> _Task directions_:
Find the line holding "Nissan Patrol 4.8 Y6..." in the entries below. Give it again exactly, along with every line after it up to and including the line holding "Exterior - 2665".

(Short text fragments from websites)
____________________
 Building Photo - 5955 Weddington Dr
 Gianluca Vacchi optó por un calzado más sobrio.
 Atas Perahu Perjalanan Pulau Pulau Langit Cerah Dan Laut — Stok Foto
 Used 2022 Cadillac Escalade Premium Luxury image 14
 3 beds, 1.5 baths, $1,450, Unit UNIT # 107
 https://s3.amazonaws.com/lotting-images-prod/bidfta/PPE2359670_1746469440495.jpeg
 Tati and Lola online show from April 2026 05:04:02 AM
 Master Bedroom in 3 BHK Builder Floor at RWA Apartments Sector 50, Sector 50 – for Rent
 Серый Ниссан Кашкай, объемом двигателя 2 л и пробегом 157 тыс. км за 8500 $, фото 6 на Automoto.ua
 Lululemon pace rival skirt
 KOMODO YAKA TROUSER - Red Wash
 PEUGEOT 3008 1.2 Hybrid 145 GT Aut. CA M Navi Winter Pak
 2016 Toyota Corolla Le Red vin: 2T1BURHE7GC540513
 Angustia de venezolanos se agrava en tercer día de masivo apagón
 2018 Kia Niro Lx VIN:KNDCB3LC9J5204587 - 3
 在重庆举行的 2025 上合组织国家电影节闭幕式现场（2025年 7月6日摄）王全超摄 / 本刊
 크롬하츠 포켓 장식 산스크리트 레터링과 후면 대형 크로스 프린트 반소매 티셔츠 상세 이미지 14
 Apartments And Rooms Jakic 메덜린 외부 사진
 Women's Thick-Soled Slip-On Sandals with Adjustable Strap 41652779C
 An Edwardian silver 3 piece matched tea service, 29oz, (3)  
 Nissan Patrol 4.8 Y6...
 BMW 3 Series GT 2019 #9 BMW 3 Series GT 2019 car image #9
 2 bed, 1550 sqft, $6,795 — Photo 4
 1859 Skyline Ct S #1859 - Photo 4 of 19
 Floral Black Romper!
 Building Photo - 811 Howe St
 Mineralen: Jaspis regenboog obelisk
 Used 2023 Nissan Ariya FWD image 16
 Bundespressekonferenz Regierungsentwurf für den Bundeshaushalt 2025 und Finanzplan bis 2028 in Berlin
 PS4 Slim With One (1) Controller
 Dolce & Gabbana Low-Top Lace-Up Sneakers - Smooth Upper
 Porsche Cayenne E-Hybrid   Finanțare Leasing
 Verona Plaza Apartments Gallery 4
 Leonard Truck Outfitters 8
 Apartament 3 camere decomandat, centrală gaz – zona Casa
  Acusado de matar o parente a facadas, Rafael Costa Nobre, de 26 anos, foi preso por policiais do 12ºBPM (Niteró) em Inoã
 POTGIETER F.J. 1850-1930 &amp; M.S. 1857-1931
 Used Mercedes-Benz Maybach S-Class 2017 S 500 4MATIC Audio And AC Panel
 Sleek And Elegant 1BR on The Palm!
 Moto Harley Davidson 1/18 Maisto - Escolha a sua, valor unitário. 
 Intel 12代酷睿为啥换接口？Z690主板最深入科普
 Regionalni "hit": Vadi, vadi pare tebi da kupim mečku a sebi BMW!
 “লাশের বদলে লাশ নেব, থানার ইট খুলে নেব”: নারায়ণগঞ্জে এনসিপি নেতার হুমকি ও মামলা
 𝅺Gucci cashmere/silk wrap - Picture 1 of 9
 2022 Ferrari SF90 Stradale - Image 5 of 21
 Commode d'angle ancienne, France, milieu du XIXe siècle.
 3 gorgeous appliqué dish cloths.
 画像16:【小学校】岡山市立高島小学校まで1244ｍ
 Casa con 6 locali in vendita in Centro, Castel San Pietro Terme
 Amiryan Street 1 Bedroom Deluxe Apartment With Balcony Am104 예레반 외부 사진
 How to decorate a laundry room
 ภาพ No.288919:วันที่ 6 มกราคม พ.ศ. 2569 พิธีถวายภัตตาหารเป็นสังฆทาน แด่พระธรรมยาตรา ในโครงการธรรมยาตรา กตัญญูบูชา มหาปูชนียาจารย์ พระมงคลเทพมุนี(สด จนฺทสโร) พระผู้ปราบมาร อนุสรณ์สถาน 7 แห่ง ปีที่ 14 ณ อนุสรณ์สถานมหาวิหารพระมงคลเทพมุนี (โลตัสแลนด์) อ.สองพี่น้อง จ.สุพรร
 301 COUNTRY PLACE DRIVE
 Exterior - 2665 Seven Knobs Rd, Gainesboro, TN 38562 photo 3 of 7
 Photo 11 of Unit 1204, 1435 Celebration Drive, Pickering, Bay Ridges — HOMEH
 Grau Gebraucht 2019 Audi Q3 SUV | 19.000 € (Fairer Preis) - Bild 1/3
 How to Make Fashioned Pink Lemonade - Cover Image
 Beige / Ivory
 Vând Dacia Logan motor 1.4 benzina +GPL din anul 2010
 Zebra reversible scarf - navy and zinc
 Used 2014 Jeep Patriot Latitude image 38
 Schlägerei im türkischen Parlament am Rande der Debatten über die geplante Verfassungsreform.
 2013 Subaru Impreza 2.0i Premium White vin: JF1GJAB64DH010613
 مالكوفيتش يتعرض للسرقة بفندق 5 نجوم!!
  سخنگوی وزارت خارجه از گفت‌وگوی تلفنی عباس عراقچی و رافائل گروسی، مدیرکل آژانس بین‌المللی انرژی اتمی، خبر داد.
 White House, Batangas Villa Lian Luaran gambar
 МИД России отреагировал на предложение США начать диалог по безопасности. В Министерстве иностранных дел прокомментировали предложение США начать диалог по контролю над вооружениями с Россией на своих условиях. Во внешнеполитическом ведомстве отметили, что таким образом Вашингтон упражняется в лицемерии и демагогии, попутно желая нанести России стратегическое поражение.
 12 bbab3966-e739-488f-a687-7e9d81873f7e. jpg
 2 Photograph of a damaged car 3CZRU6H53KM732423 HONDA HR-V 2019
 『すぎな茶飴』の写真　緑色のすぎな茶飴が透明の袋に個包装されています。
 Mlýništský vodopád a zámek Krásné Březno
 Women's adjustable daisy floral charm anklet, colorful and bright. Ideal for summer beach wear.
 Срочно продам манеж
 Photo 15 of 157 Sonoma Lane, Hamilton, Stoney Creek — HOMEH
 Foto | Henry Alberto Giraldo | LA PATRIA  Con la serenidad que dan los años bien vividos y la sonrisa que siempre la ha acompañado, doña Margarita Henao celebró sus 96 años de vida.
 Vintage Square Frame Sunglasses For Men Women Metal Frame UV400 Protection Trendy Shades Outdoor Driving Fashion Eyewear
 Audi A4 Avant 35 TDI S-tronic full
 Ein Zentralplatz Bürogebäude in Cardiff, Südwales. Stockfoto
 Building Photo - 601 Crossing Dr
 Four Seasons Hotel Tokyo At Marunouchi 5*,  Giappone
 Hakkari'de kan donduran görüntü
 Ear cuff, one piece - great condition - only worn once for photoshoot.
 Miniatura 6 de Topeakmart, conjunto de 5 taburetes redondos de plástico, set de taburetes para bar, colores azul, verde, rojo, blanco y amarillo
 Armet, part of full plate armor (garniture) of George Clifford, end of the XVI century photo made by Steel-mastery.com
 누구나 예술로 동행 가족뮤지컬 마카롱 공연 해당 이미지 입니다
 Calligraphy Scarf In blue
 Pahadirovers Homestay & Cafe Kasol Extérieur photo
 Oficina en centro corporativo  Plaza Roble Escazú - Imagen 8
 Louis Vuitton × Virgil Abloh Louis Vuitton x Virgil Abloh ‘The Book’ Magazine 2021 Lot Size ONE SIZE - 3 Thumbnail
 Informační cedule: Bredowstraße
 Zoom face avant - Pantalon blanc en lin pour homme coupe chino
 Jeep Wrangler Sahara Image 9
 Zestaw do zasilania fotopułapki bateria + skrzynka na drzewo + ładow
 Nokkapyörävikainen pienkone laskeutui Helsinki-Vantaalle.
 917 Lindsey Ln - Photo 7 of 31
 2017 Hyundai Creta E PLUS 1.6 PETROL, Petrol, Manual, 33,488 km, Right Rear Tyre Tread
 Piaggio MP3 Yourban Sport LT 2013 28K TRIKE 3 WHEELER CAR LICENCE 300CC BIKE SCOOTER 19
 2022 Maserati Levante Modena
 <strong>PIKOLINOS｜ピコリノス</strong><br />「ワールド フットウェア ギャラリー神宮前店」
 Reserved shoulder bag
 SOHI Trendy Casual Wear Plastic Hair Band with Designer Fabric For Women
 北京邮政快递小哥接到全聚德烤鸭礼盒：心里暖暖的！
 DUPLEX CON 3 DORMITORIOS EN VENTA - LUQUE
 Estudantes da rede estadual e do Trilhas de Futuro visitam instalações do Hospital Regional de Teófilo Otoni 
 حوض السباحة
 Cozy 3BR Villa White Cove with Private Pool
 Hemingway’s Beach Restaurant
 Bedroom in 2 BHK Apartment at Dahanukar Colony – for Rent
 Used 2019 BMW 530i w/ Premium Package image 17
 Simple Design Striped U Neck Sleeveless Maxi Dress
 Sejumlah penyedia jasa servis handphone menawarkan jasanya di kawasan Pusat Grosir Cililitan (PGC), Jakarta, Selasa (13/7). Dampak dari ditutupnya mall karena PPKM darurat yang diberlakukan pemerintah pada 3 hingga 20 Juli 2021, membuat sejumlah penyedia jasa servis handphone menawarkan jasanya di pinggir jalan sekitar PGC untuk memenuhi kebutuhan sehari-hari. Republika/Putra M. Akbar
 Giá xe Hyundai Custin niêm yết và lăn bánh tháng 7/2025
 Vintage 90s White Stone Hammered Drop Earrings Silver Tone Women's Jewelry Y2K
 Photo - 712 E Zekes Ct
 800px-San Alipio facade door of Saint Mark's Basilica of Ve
____________________
> _Worked solution_:
 Nissan Patrol 4.8 Y6...
 BMW 3 Series GT 2019 #9 BMW 3 Series GT 2019 car image #9
 2 bed, 1550 sqft, $6,795 — Photo 4
 1859 Skyline Ct S #1859 - Photo 4 of 19
 Floral Black Romper!
 Building Photo - 811 Howe St
 Mineralen: Jaspis regenboog obelisk
 Used 2023 Nissan Ariya FWD image 16
 Bundespressekonferenz Regierungsentwurf für den Bundeshaushalt 2025 und Finanzplan bis 2028 in Berlin
 PS4 Slim With One (1) Controller
 Dolce & Gabbana Low-Top Lace-Up Sneakers - Smooth Upper
 Porsche Cayenne E-Hybrid   Finanțare Leasing
 Verona Plaza Apartments Gallery 4
 Leonard Truck Outfitters 8
 Apartament 3 camere decomandat, centrală gaz – zona Casa
  Acusado de matar o parente a facadas, Rafael Costa Nobre, de 26 anos, foi preso por policiais do 12ºBPM (Niteró) em Inoã
 POTGIETER F.J. 1850-1930 &amp; M.S. 1857-1931
 Used Mercedes-Benz Maybach S-Class 2017 S 500 4MATIC Audio And AC Panel
 Sleek And Elegant 1BR on The Palm!
 Moto Harley Davidson 1/18 Maisto - Escolha a sua, valor unitário. 
 Intel 12代酷睿为啥换接口？Z690主板最深入科普
 Regionalni "hit": Vadi, vadi pare tebi da kupim mečku a sebi BMW!
 “লাশের বদলে লাশ নেব, থানার ইট খুলে নেব”: নারায়ণগঞ্জে এনসিপি নেতার হুমকি ও মামলা
 𝅺Gucci cashmere/silk wrap - Picture 1 of 9
 2022 Ferrari SF90 Stradale - Image 5 of 21
 Commode d'angle ancienne, France, milieu du XIXe siècle.
 3 gorgeous appliqué dish cloths.
 画像16:【小学校】岡山市立高島小学校まで1244ｍ
 Casa con 6 locali in vendita in Centro, Castel San Pietro Terme
 Amiryan Street 1 Bedroom Deluxe Apartment With Balcony Am104 예레반 외부 사진
 How to decorate a laundry room
 ภาพ No.288919:วันที่ 6 มกราคม พ.ศ. 2569 พิธีถวายภัตตาหารเป็นสังฆทาน แด่พระธรรมยาตรา ในโครงการธรรมยาตรา กตัญญูบูชา มหาปูชนียาจารย์ พระมงคลเทพมุนี(สด จนฺทสโร) พระผู้ปราบมาร อนุสรณ์สถาน 7 แห่ง ปีที่ 14 ณ อนุสรณ์สถานมหาวิหารพระมงคลเทพมุนี (โลตัสแลนด์) อ.สองพี่น้อง จ.สุพรร
 301 COUNTRY PLACE DRIVE
 Exterior - 2665 Seven Knobs Rd, Gainesboro, TN 38562 photo 3 of 7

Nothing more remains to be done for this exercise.